1875J. D. Heath Croquet Player 48 A rover may be pegged out by the adversary, but only if he be a rover also.
c. To pay or give out (a line, etc.). dial.
1895Nicholson Kilwuddie 160 (E.D.D.) Let her gang—Grannie! peg oot the line.
d. intr. Cribbage. To win the game by reaching the last holes before the ‘show’ of hands.
1870Hardy & Ware Mod. Hoyle 81 He may with a very poor hand be just able to ‘show’ or peg out.
e. intr. To peg or pitch one's tent.
1898‘R. Boldrewood’ Rom. Canvass Town 5 The bright idea of ‘pegging out’ struck some smart pilgrim.
f. To die; to be ruined. slang.
1855Herald of Freedom (Lawrence, Kansas) 29 Sept. 2/5 Both parties are badly cut, and we are happy to state that the free-soiler is in a fair way to ‘peg out’, while the pro⁓slavery man is out and ready for another ‘tilt’.1870Echo 10 Mar. (Farmer), Then..the heart-broken man exclaimed, ‘Oh, George, George, why did you peg out?’1882J. Hawthorne Fort. Fool i. xxii, When old Tabanaka pegs out, you'll be chief for certain.1899M. Kingsley W. African Stud. i. 7 Then follows full details of the pegging-out of J. and his funeral, &c.
g. trans. To hang (washing) with pegs from a clothes-line.
1922D. H. Lawrence England, my England 102 Helped his wife to peg out the washing on the clothes line in the meadow.1974Country Life 21 Mar. 633/1 The fore⁓ground girls selfconsciously pegging out the washing.1978J. Thomson Question of Identity xii. 115 Betty Lovell was pegging out sheets on a washing-line.

Add:[I.] [5.] b. Angling. To mark out (a stretch of river-bank) with pegs indicating positions from which competitors are to fish; to allot a position to (an angler) in this way. Cf. *peg n.1 2 g.

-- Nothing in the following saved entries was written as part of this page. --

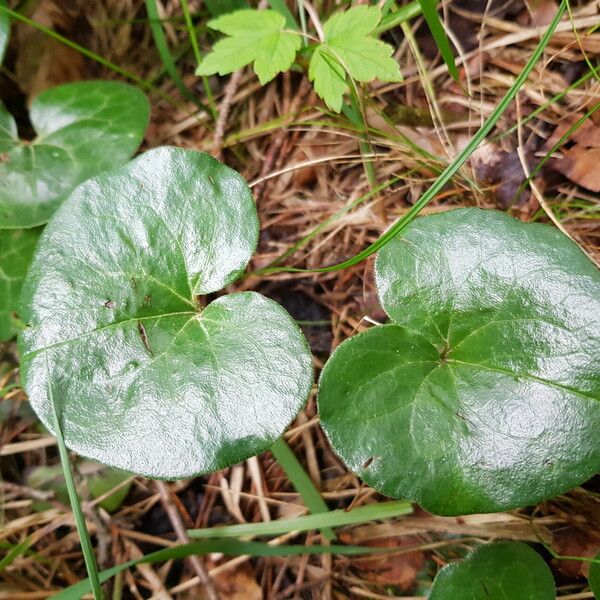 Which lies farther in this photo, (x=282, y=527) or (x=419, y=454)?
(x=282, y=527)

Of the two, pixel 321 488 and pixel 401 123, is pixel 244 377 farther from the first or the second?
pixel 401 123

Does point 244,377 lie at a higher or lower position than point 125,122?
lower

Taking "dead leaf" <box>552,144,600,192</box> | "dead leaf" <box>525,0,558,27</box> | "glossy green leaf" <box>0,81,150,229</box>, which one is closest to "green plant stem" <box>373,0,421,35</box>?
"dead leaf" <box>525,0,558,27</box>

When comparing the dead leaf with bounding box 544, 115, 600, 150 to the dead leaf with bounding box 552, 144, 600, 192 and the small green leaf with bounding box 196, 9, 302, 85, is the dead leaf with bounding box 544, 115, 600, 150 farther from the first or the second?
the small green leaf with bounding box 196, 9, 302, 85

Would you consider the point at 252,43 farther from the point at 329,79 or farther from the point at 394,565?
the point at 394,565

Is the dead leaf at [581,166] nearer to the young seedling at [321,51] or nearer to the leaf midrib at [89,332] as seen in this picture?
the young seedling at [321,51]

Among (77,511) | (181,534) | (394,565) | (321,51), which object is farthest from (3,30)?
(394,565)

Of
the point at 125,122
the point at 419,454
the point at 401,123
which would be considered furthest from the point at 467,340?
the point at 125,122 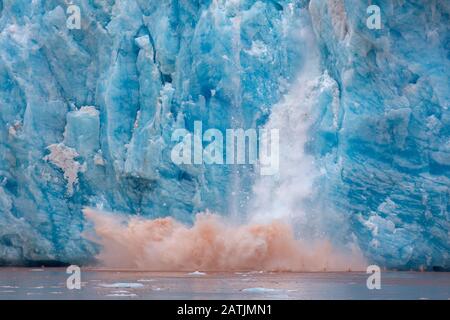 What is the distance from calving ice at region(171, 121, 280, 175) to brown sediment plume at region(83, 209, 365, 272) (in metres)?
1.23

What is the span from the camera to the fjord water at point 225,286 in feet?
52.5

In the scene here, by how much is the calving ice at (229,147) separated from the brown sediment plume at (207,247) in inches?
48.4

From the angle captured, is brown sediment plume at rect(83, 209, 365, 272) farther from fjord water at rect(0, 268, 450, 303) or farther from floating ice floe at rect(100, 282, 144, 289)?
floating ice floe at rect(100, 282, 144, 289)

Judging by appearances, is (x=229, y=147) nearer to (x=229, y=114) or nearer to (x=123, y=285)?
(x=229, y=114)

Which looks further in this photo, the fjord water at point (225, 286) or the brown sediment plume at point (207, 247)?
the brown sediment plume at point (207, 247)

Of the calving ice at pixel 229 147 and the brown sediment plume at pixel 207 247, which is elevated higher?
the calving ice at pixel 229 147

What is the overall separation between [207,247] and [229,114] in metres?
2.87

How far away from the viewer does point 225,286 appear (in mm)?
17891

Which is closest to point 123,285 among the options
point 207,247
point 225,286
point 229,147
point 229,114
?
point 225,286

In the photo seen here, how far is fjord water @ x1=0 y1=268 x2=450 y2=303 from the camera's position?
631 inches
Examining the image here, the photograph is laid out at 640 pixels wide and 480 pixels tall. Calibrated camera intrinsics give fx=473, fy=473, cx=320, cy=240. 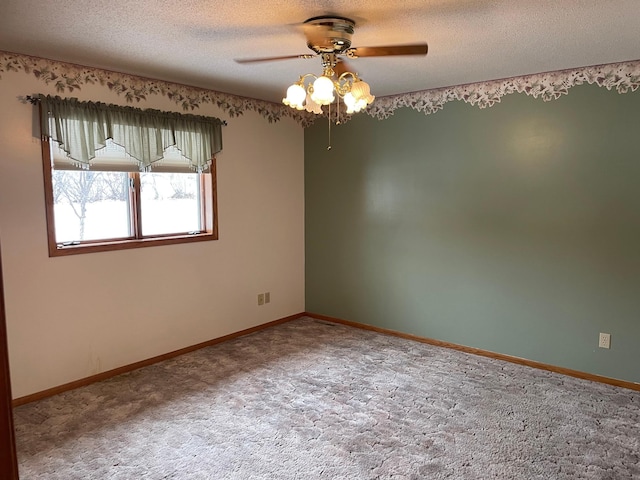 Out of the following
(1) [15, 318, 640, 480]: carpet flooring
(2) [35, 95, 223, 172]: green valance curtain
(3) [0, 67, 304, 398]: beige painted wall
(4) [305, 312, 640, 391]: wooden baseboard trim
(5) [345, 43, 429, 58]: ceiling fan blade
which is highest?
(5) [345, 43, 429, 58]: ceiling fan blade

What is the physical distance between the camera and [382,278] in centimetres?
471

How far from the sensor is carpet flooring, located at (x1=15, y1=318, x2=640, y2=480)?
247 centimetres

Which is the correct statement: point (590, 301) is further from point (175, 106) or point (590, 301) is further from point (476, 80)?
point (175, 106)

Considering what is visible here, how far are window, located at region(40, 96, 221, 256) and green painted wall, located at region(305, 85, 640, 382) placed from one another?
55.6 inches

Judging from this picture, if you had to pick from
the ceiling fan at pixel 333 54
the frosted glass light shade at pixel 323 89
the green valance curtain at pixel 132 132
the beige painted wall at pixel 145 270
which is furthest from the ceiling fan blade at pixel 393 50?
the beige painted wall at pixel 145 270

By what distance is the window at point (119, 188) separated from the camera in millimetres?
3256

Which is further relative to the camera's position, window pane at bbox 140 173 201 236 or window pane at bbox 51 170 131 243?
window pane at bbox 140 173 201 236

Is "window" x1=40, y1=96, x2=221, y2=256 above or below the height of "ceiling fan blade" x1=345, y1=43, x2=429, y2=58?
below

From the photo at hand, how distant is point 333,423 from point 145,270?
1966mm

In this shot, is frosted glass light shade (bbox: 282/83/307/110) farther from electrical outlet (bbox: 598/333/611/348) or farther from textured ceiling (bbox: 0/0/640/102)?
electrical outlet (bbox: 598/333/611/348)

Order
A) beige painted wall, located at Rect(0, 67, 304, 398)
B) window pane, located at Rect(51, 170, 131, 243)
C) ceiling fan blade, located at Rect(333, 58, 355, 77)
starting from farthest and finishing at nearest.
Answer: window pane, located at Rect(51, 170, 131, 243) → beige painted wall, located at Rect(0, 67, 304, 398) → ceiling fan blade, located at Rect(333, 58, 355, 77)

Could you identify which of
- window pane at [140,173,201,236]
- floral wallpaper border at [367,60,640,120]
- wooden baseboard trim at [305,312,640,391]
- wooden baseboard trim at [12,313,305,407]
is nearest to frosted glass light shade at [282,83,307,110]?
window pane at [140,173,201,236]

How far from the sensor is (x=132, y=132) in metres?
3.58

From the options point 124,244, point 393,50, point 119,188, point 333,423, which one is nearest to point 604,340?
point 333,423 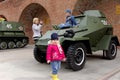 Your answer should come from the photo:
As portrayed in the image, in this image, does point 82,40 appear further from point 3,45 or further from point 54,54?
point 3,45

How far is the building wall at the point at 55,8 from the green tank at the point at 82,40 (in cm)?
498

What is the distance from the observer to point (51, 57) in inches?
278

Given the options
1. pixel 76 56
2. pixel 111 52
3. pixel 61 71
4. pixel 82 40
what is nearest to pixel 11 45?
pixel 111 52

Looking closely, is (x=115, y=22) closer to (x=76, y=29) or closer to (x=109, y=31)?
(x=109, y=31)

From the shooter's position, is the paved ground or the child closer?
the child

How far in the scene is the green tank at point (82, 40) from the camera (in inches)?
337

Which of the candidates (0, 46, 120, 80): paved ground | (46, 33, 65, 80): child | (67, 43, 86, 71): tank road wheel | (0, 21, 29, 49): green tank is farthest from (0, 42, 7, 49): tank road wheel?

1902Fishing Gaz. 13 Sept. 191/1 The contestants were pegged out ten yards apart.1927‘Float & Fly’ Fishing Matches ii. 8 A good fisherman will usually overcome the drawback of a bad swim, always given that the water has been pegged out in a reasonable manner.1947‘Cheshire Roamer’ Beginner's Guide Match Fishing iv. 15 Before the match can take place the river bank has to be ‘pegged out’.Ibid., The man who pegs the bank should be an angler of some experience.1986Sea Angling Handbk. Summer 6/3 Dave was pegged at fancied Holland Road and dinked out small flounders and rockling.1987Match Fishing Feb./Mar. 34/3 In both matches we've been pegged next to the winning team.
[II.] [8.] c. spec. in Baseball (U.S. colloq.), to throw (the ball) hard and low; to stop or put out (a runner) with such a throw. Also absol.
1862N.Y. Sunday Mercury 13 July 6/1 Peter then pegged the ball in good old style, but this time raised it too high.1908Spalding's Official Base Ball Guide 87 The catcher could not peg the Chicago base-runners.1917C. Mathewson Second Base Sloan xi. 146 You peg the ball across like you were looking where you were sending it.1939Sat. Even. Post 7 Oct. 29/1 Many an enemy outfit with a fast and smart defense, will have you eating passes before quitting time if you can't do anything but peg to second base.1986L. B. Smedes Choices 57 If you take a third strike in baseball and the catcher drops the ball, you may make a run for first base. You will hardly ever get there before the catcher pegs the ball to the first baseman.